Every once in a while somebody asks if they can run flak, and the answer is usually some variant of no, not right now, but maybe after I’m done rewriting it four times. Well, it’s been stuck at rewrite number 3 for quite a while, so time to push the button. Of course, putting code on the internet requires a place to put it, but Microsoft shut down Codeplex. Guess I have to build my own.
Enter humungus, a web based proxy for mercurial repos, which allows browsing, cloning, and not much else. The whole apparatus is up and running at humungus.tedunangst.com along with some code odds and ends. There’s no documentation for most of it because you’re not supposed to actually run it, just criticize my commit messages. (Haha, that was fast. Looks like somebody broke it. Well, maybe it works, maybe it doesn’t. Some turbulence expected.)
Introduction out of the way, some notes and observations on the implementation. It’s written in go, which seemed well suited to the task of wrangling a bunch of sockets and processes and connections. I think so. There’s a lot of potential for a web request to block while talking to a mercurial process, but everything is written in a simple synchronous style, letting go worry about concurrency.
I’m using a mix of channels and mutexes, resisting the urge to use channels for everything because they’re there, and trying not to use mutexes just because they’re familiar. I’m not entirely sold on channels, because they’re still a bit cumbersome. I’m using them for some caches, where the cache is controlled by a separate goroutine, and it works well for that purpose. Like running a mini process inside the main process.
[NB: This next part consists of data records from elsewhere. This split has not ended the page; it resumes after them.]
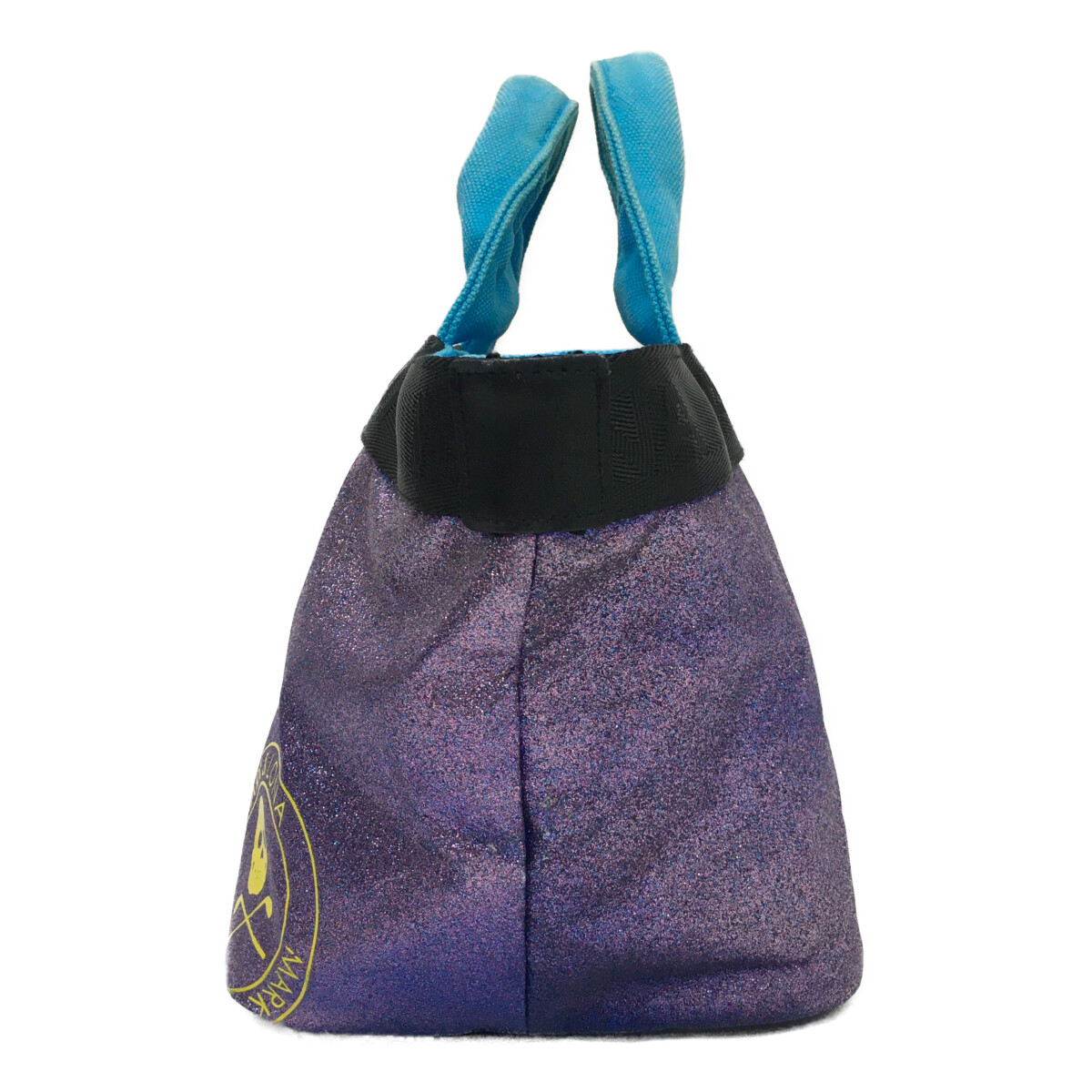 マークアンドロナ カートバッグ ネイビー×レッド ハワイ限定 ゴルフ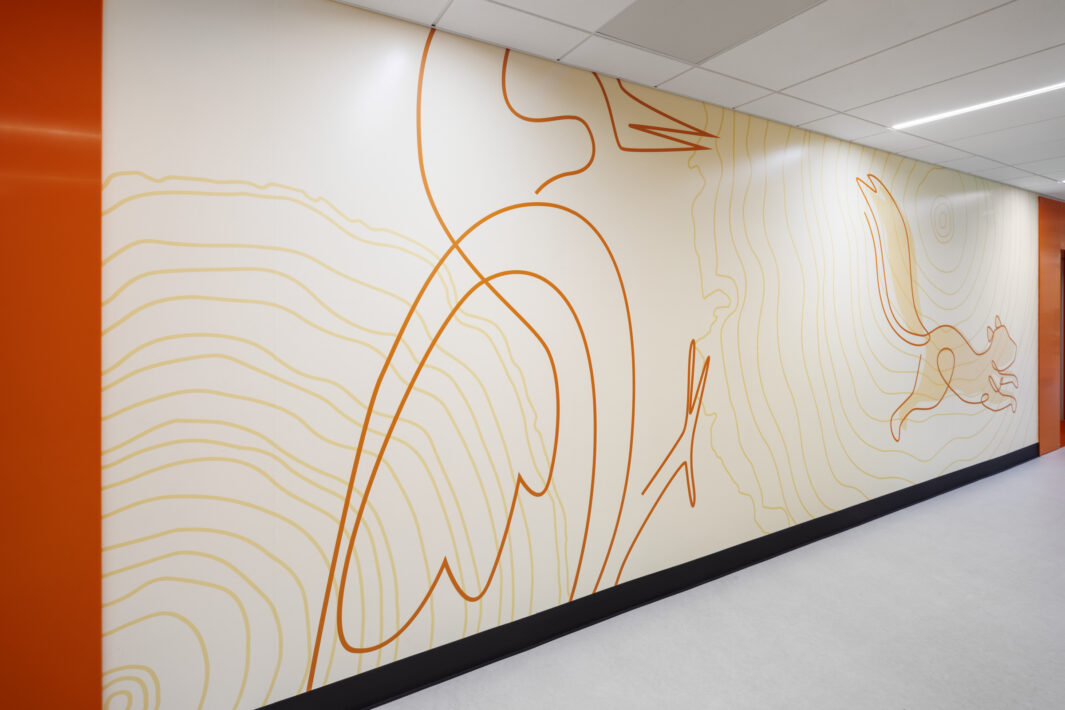 Dennis-Yarmouth Intermediate/Middle School: Signage, Wayfinding + Graphics 7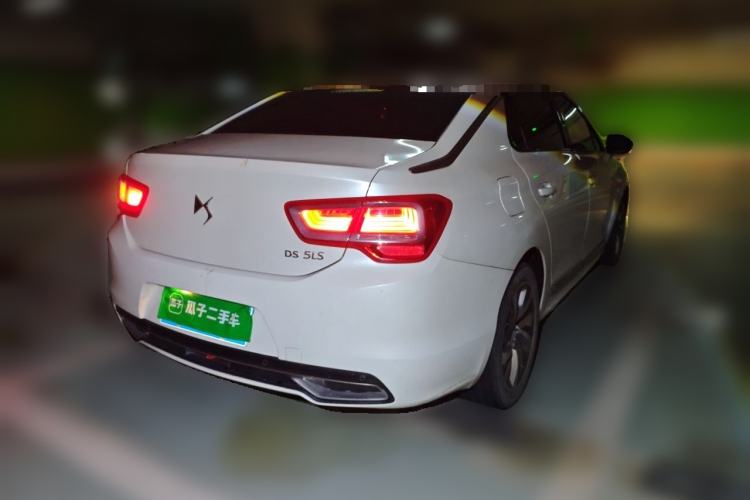 Used DS 5LS 2015 1.6T Elegant Edition THP160 Rear Right 45 Deg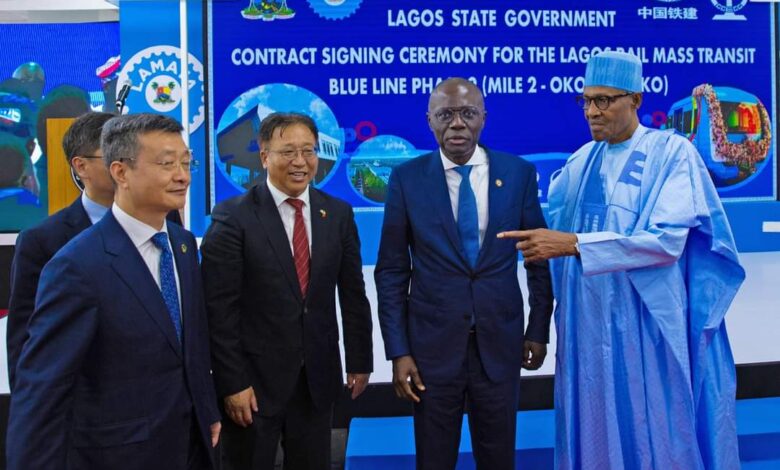 PHOTO NEWS: Buhari commissions Lagos Blue Rail line 11 IMG 20230124 WA0030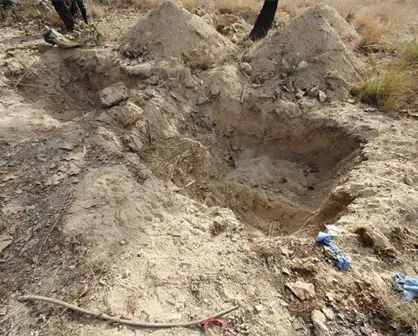 Colectivo de personas buscadoras encuentran depósitos clandestinos con restos óseos en Reynosa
The only hard part was putting together all the pieces of the mercurial protocol secret decoder ring. No fewer than three protocols are in use. And each protocol has its own, possibly nested, encoding scheme. So a few notes on that for the curious.
The programmatic way to interact with mercurial is via the command server, which lets you talk to a long running hg process over a pipe. The most interesting thing you can do is execute the runcommand command, which runs a command. Which command? The documentation says you must consult the capabilities, but that only tells you that runcommand exists, not what runcommand can run. The answer is anything you’d normally put on the command line. clone, push, commit.
The other two protocols are the web protocol and the wire protocol. They’re a bit stranger. I maybe didn’t need to deal with all this, but I wanted to support clone via the web interface but without running a zoo of hg web servers (and the requisite port wrangling that entails). Instead, the web protocol is proxied and translated to the stdin wire protocol. Thus even though the protocols are very similar, and speak the same language, humungus is up to its eyeballs in encoding and decoding.
The first thing to note is that HTTP commands are not sent with parameters in the URL. Instead they are stuck in a hidden HTTP header, X-Hgarg-1 (and maybe X-Hgarg-2 and so on). Next you URL decode that header as if it were a form to get the actual request parameters.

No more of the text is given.